1. If always & orders == 0, and madvise & orders == 0, and
hugepage_global_enabled() == false
(global THP settings are not enabled), it means mTHP of that orders
are prohibited
from being used, then madvise_collapse() is forbidden for that orders.

2. If always & orders == 0, and madvise & orders == 0, and
hugepage_global_enabled() == true
(global THP settings are enabled), and inherit & orders == 0, it means
mTHP of that
orders are still prohibited from being used, thus madvise_collapse()
is not allowed
for that orders.

Reviewed-by: Zi Yan <ziy@xxxxxxxxxx>
Signed-off-by: Baolin Wang <baolin.wang@xxxxxxxxxxxxxxxxx>
---
    include/linux/huge_mm.h | 23 +++++++++++++++++++----
    1 file changed, 19 insertions(+), 4 deletions(-)

diff --git a/include/linux/huge_mm.h b/include/linux/huge_mm.h
index 2f190c90192d..199ddc9f04a1 100644
--- a/include/linux/huge_mm.h
+++ b/include/linux/huge_mm.h
@@ -287,20 +287,35 @@ unsigned long thp_vma_allowable_orders(struct
vm_area_struct *vma,
                           unsigned long orders)
    {
        /* Optimization to check if required orders are enabled
early. */
-    if ((tva_flags & TVA_ENFORCE_SYSFS) && vma_is_anonymous(vma)) {
-        unsigned long mask = READ_ONCE(huge_anon_orders_always);
+    if (vma_is_anonymous(vma)) {
+        unsigned long always = READ_ONCE(huge_anon_orders_always);
+        unsigned long madvise = READ_ONCE(huge_anon_orders_madvise);
+        unsigned long inherit = READ_ONCE(huge_anon_orders_inherit);
+        unsigned long mask = always | madvise;
+
+        /*
+         * If the system-wide THP/mTHP sysfs settings are disabled,
+         * then we should never allow hugepages.
   > +         */> +        if (!(mask & orders) &&
!(hugepage_global_enabled() && (inherit & orders)))
+            return 0;

I'm still trying to digest that. Isn't there a way for us to work with
the orders,
essentially masking off all orders that are forbidden globally.

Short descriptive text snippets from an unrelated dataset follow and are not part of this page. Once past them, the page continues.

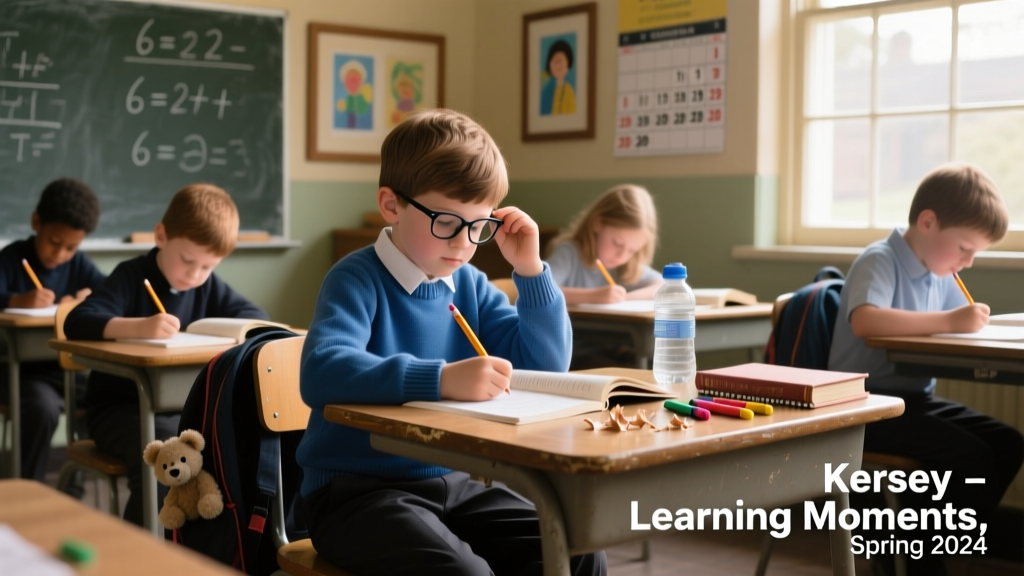 Kersey Fabric in Early Childhood Education: A Research-Based Analysis of Tactile Learning, Safety Standards, and Curriculum Integration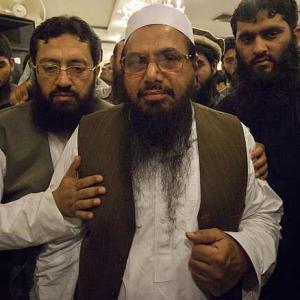India unimpressed by Saeed's detention
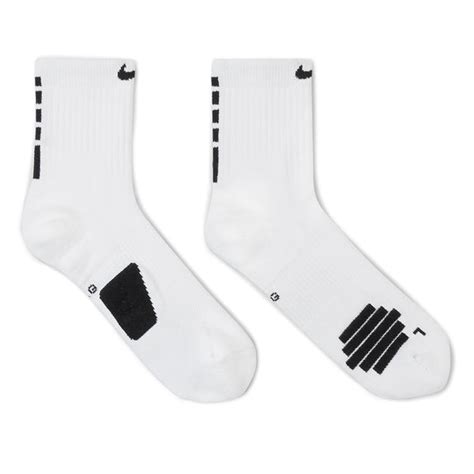 Nike Unisex Elite Mid Basketball Socks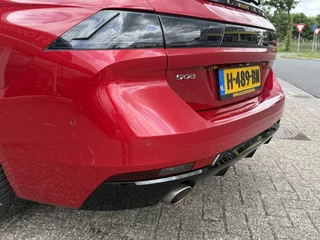 Peugeot 508 SW 1.6 180pk PureTech GT Line  | LED | Keyless Start |  Apple Carplay | PDC incl. Camera | Half Leder | Sportstoelen / 74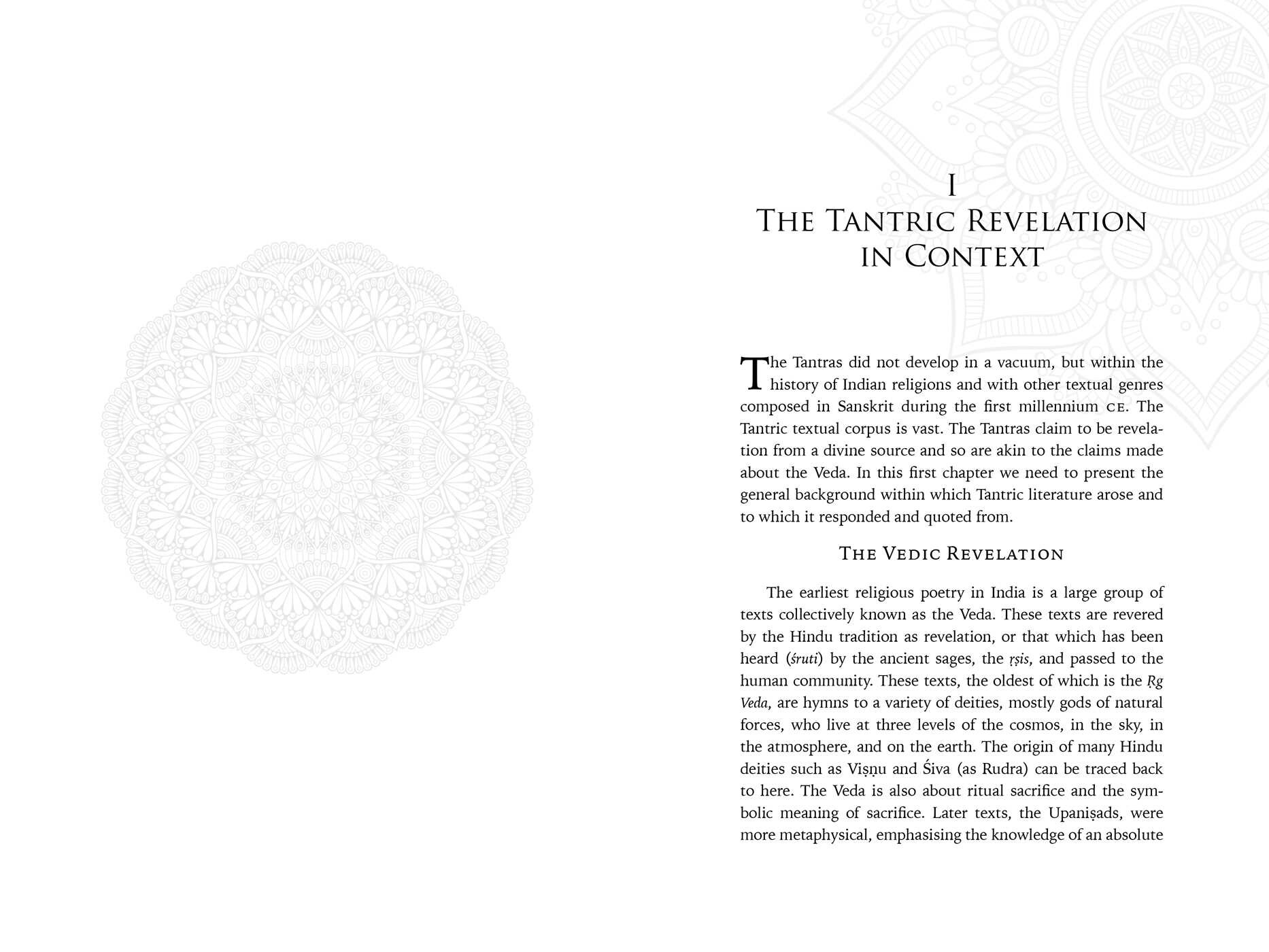 Tantric Knowledge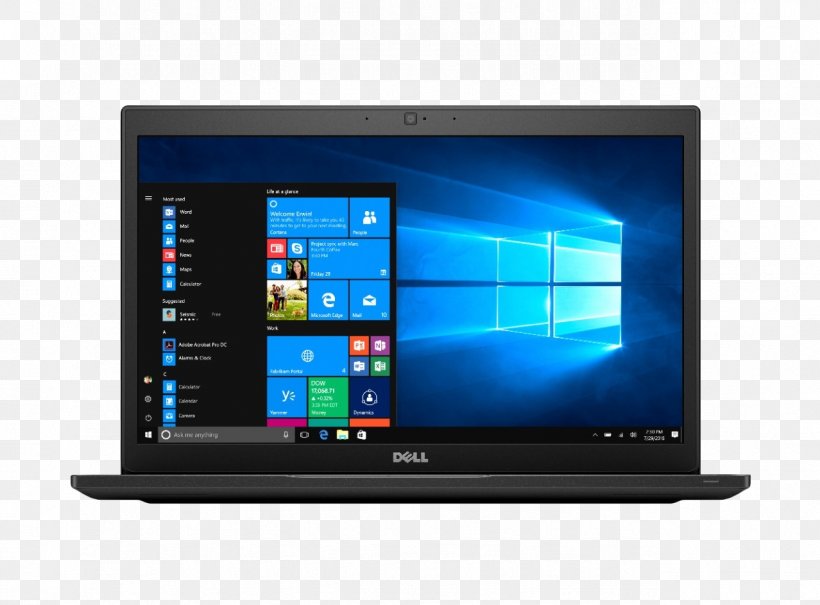 Dell Latitude Laptop Intel Core I7, PNG, 1278x943px, Dell, Computer, Computer Hardware, Computer Monitor, Dell Latitude Download Free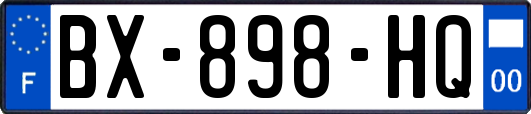 BX-898-HQ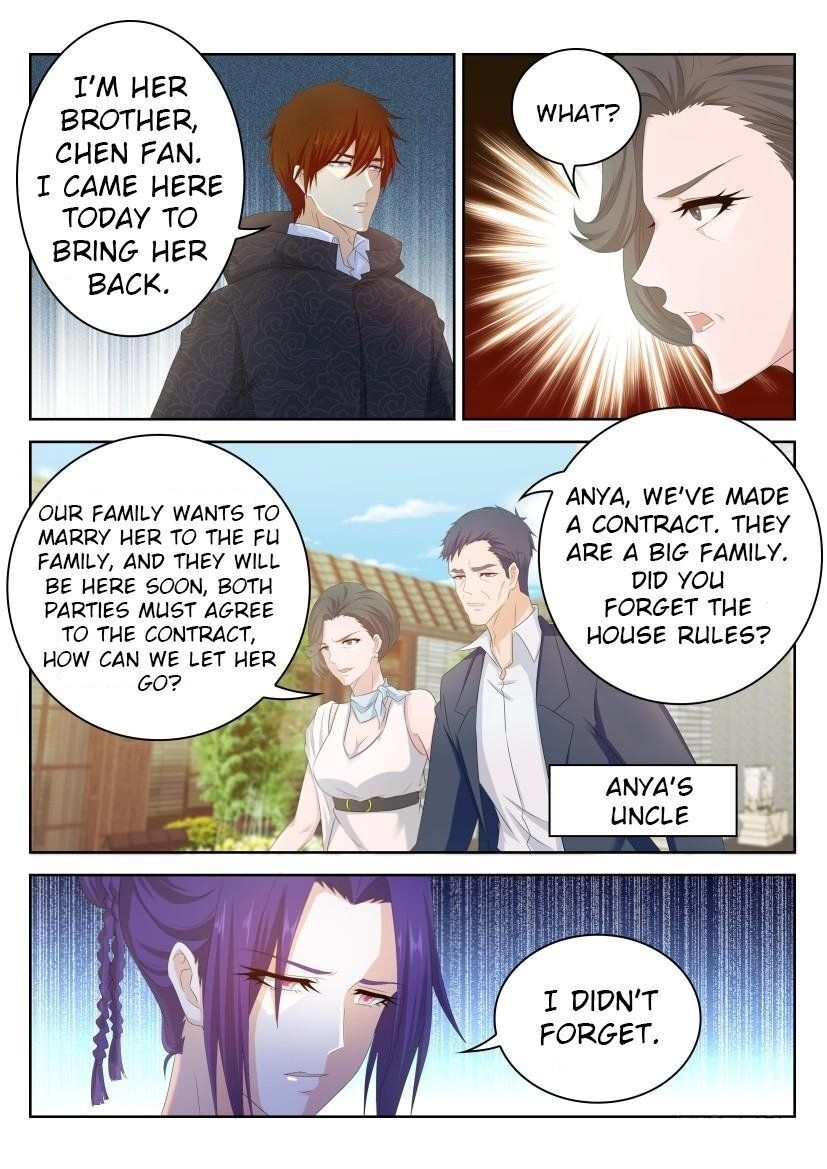 Rebirth of the Urban Immortal Cultivator Chapter 252 page 9 - 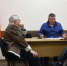 В рамках приема граждан депутат Городского Собрания Сочи по округу №5 «Хостинский», член партии «Единая Россия» Владимир Елединов встретился с жителями микрорайона Хоста - Городское Собрание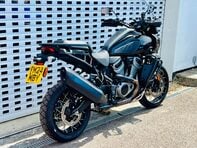 Harley-Davidson Pan America 1250 RA1250S Special 6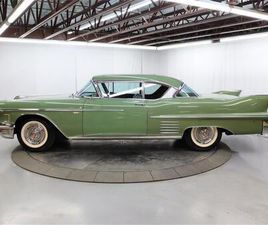 1958 CADILLAC SERIES 62 FOR SALE
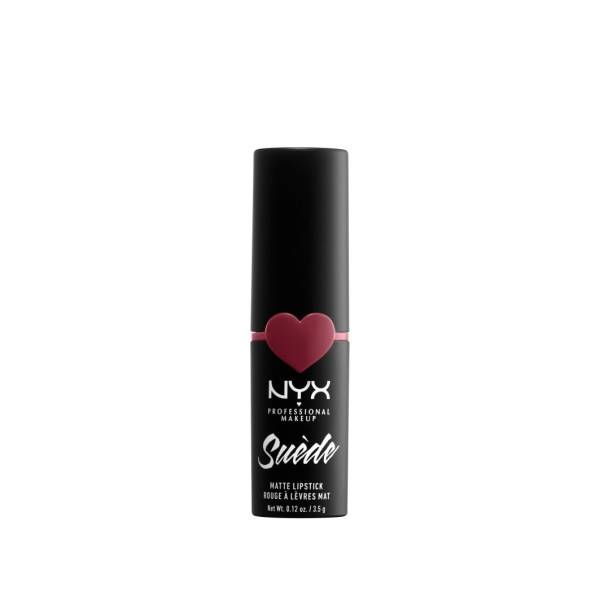 NYX Professional Makeup Wedding NYX Professional Makeup Wedding Suede Matte Lipstick Lippenstift 17.0 g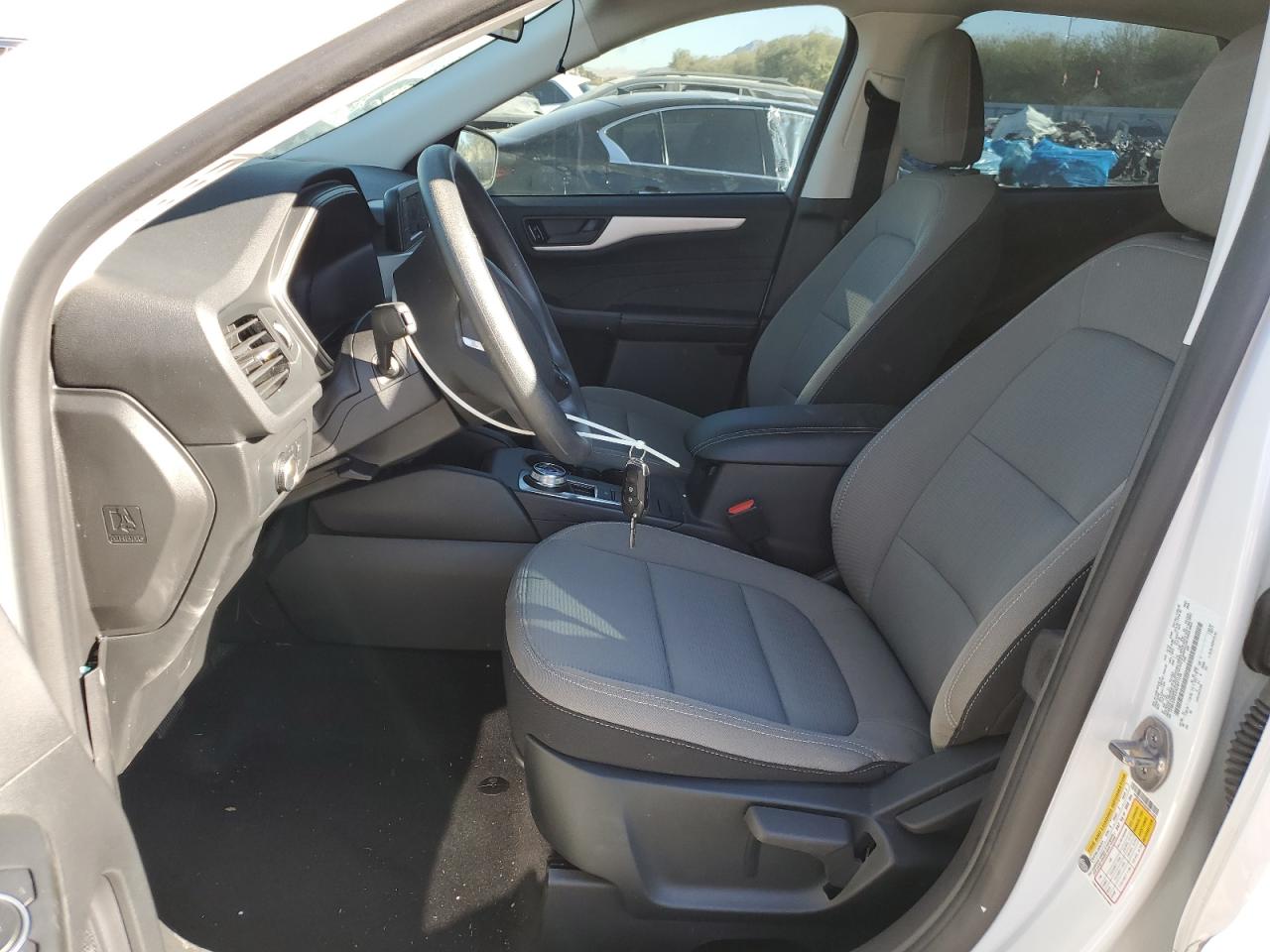 2022 FORD ESCAPE S VIN:1FMCU9F6XNUB71156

Similar
to below, if !orders, then return 0?
/* Orders disabled directly. */
orders &= ~TODO;
/* Orders disabled by inheriting from the global toggle. */
if (!hugepage_global_enabled())
       orders &= ~READ_ONCE(huge_anon_orders_inherit);

TODO is probably a -1ULL and then clearing always/madvise/inherit. Could
add a simple helper for that

huge_anon_orders_never

I followed Lorenzo's suggestion to simplify the logic. Does that look
more readable?

diff --git a/include/linux/huge_mm.h b/include/linux/huge_mm.h
index 2f190c90192d..3087ac7631e0 100644
--- a/include/linux/huge_mm.h
+++ b/include/linux/huge_mm.h
@@ -265,6 +265,43 @@ unsigned long __thp_vma_allowable_orders(struct
vm_area_struct *vma,
                                            unsigned long tva_flags,
                                            unsigned long orders);

+/* Strictly mask requested anonymous orders according to sysfs
settings. */
+static inline unsigned long __thp_mask_anon_orders(unsigned long
vm_flags,
+                               unsigned long tva_flags, unsigned long
orders)
+{
+       unsigned long always = READ_ONCE(huge_anon_orders_always);
+       unsigned long madvise = READ_ONCE(huge_anon_orders_madvise);
+       unsigned long inherit = READ_ONCE(huge_anon_orders_inherit);
+       bool inherit_enabled = hugepage_global_enabled();
+       bool has_madvise =  vm_flags & VM_HUGEPAGE;
+       unsigned long mask = always | madvise;
+
+       mask = always | madvise;
+       if (inherit_enabled)
+               mask |= inherit;
+
+       /* All set to/inherit NEVER - never means never globally,
abort. */
+       if (!(mask & orders))
+               return 0;

Still confusing. I am not sure if we would properly catch when someone
specifies e.g., 2M and 1M, while we only have 2M disabled.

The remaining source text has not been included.